I tried to implement the HAAR to CUDA wavelet transform for a 1D array.
ALGORITHM
I have 8 indexes in the input array
With this condition, if(x_index>=o_width/2 || y_index>=o_height/2)
I will have 4 threads, which should be 0,2,4,6, and I plan to indicate the input indices with each of them.
I compute avg.EG: if my stream identifier is "0", then avg (input [0] + input [1]) / 2, and at the same time I get diff, which will be entered [0] -avg and t .d. For other threads.
Setting the output is NOW important. I created a separate thread_id for the output, since using indexes 0,2,4,6 created difficulties with placing the output in the correct index.

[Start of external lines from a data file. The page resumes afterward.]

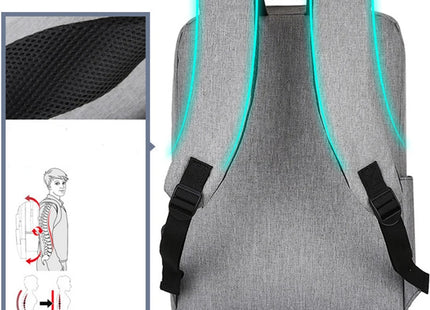 Men's Business Backpack Square Large Capacity Travel Storage Bag Computer Protection Bag Teenager Backpack Schoolbag Unisex New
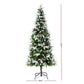 6.2ft 1.9m 280 LED 680 Tips Christmas Tree Pine Cones Flocking Xmas Tree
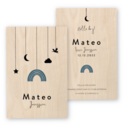 geboortekaartjes-hout-maan-regenboog-wolkjes-mateo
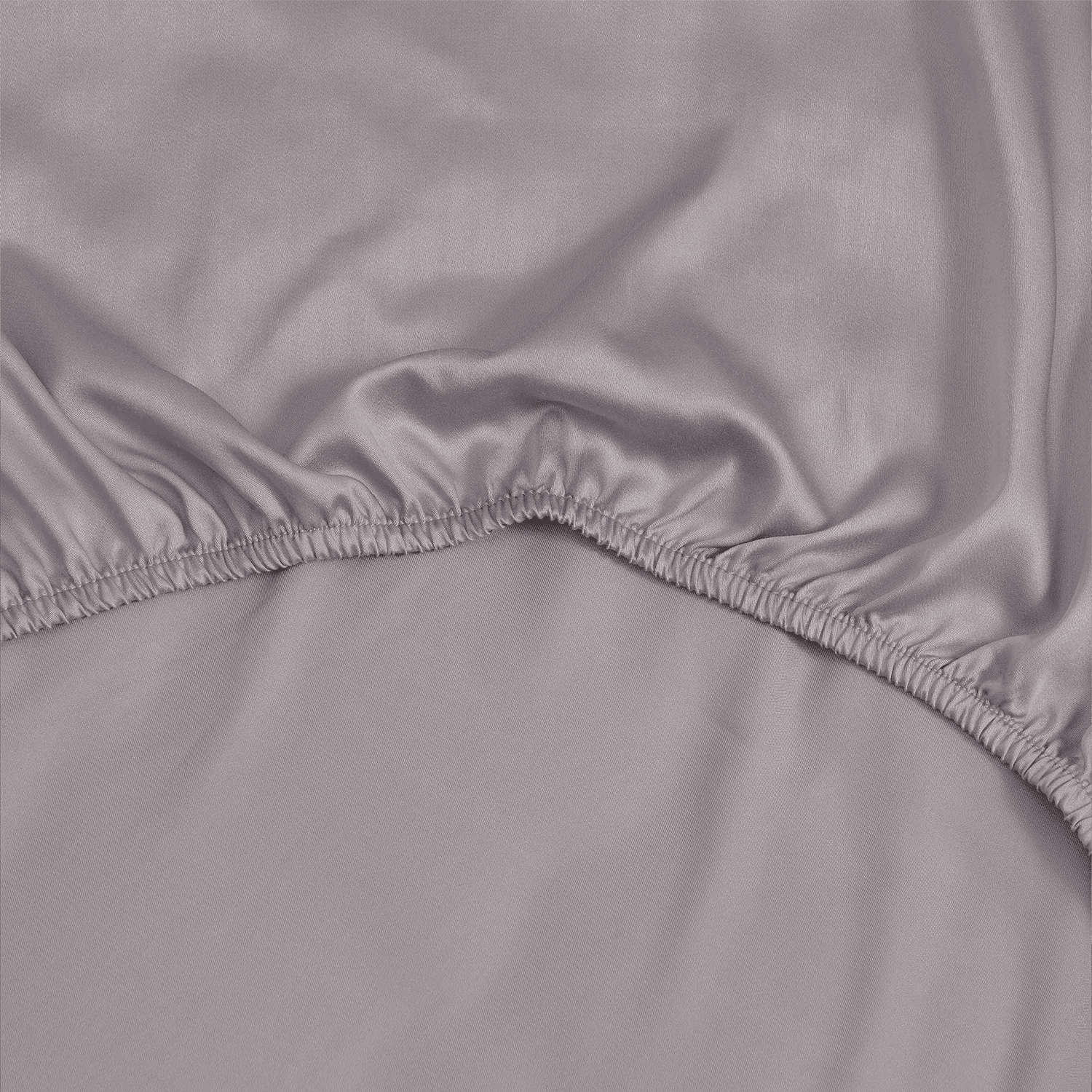 Bedding Set with Fitted Sheet and Two Pillowcases - Bedroom - Light Grey - Oaksoho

My averages should be placed in the first 4 indexes, i.e. 0,1,2,3 of the output, and o_thread_id should be 0,1,2,3. Similarly, to divide by 4,5,6,7, I increased 0,1,2,3 using "4" as shown in the code
PROBLEM
My way out is all zero !!! No matter what I change, I get it.
CODE
__global__ void cal_haar(int input[],float output [],int i_widthstep,int o_widthstep,int o_width,int o_height) { int x_index=blockIdx.x*blockDim.x+threadIdx.x; int y_index=blockIdx.y*blockDim.y+threadIdx.y; if(x_index>=o_width/2 || y_index>=o_height/2) return; int i_thread_id=y_index*i_widthstep+(2*x_index); int o_thread_id=y_index*o_widthstep+x_index; float avg=(input[i_thread_id]+input[i_thread_id+1])/2; float diff=input[i_thread_id]-avg; output[o_thread_id]=avg; output[o_thread_id+4]=diff; } void haar(int input[],float output [],int i_widthstep,int o_widthstep,int o_width,int o_height) { int * d_input; float * d_output; cudaMalloc(&d_input,i_widthstep*o_height); cudaMalloc(&d_output,o_widthstep*o_height); cudaMemcpy(d_input,input,i_widthstep*o_height,cudaMemcpyHostToDevice); dim3 blocksize(16,16); dim3 gridsize; gridsize.x=(o_width+blocksize.x-1)/blocksize.x; gridsize.y=(o_height+blocksize.y-1)/blocksize.y; cal_haar<<<gridsize,blocksize>>>(d_input,d_output,i_widthstep,o_widthstep,o_width,o_height); cudaMemcpy(output,d_output,o_widthstep*o_height,cudaMemcpyDeviceToHost); cudaFree(d_input); cudaFree(d_output); }
The following is my main function: -
void main() { int in_arr[8]={1,2,3,4,5,6,7,8}; float out_arr[8]; int i_widthstep=8*sizeof(int); int o_widthstep=8*sizeof(float); haar(in_arr,out_arr,i_widthstep,o_widthstep,8,1); for(int c=0;c<=7;c++) {cout<<out_arr[c]<<endl;} cvWaitKey(); }
Can you tell me where I am wrong that it gives me zeros as an output? Thanks.